C'est ainsi que commence la Bible, le livre de Dieu. Et toutes choses, pour être bonnes, doivent commencer ainsi.

Si ce livre que je veux écrire doit être de quelque utilité, il faut que Dieu en soit le commencement. S'il n'en était ainsi, je ferais mieux de briser ma plume. Je suis pénétré de cette vérité à un degré que je ne saurais décrire. Entreprendre - moi, être humain, moi, ver de terre - d'écrire sur mon Dieu et mon Créateur, et de mettre en lumière sa volonté, est pour moi un acte d'une telle gravité, qu'il me semble que je m'affaisserais en sa présence, frappé d'horreur, anéanti, si je n'avais pas la conviction que c'est son Esprit qui est l'origine de ce livre, et que c'est la gloire de Dieu qui en est la fin et le but, l'objet unique, absolu.

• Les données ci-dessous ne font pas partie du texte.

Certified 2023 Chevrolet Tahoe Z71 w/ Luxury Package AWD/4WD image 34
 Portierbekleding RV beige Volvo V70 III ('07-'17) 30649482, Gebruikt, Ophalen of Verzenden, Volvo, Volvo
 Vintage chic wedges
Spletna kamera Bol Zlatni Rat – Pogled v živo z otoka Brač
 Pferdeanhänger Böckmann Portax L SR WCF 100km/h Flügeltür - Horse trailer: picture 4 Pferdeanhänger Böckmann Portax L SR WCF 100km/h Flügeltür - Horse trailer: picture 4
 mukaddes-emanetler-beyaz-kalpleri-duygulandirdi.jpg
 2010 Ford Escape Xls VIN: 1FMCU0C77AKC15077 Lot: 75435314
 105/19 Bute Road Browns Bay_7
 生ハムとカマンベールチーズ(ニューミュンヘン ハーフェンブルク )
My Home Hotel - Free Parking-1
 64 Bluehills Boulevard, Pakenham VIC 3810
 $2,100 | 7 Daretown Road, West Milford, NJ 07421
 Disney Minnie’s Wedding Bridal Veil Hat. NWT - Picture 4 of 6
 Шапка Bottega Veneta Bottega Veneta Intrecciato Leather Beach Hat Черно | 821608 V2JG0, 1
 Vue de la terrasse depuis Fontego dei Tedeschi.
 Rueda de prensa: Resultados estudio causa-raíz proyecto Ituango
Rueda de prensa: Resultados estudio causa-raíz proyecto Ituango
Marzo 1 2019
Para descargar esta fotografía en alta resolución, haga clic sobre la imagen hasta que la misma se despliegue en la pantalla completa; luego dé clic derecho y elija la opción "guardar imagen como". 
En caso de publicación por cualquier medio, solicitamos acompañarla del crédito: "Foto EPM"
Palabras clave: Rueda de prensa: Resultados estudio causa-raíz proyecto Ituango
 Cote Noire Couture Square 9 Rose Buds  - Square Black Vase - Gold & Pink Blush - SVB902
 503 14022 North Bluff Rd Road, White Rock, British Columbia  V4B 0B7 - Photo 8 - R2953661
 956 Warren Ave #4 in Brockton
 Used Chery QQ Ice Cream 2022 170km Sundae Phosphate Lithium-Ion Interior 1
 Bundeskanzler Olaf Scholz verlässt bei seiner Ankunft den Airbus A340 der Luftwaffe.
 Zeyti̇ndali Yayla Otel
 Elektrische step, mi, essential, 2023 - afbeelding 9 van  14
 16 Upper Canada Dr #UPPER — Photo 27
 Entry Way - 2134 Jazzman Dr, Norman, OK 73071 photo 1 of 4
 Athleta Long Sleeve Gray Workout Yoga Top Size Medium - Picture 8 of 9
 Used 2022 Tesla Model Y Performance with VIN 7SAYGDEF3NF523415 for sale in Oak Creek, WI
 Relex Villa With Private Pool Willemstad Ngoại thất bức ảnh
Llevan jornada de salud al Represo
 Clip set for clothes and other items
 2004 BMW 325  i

Oui, Seigneur, toi, tu es au commencement de ce volume! Car je suis à toi sans réserve. Et ce témoignage je ne le rends pas à moi-même, mais c'est ton Esprit en moi qui le rend.



« Au commencement Dieu ... »
Ces trois mots ne doivent-ils pas renfermer le principe simple et absolu qui doit régler la vie de l'homme jusque dans les moindres détails et lui permettre de s'orienter en tout: Dieu au commencement de tout, Dieu avant tout?

Comme il est d'une importance vitale pour lui d'être dans le vrai, il doit exister un principe central unique pour le guider. Or, quoi de plus précis, quoi de plus concis que ces trois mots: au commencement Dieu.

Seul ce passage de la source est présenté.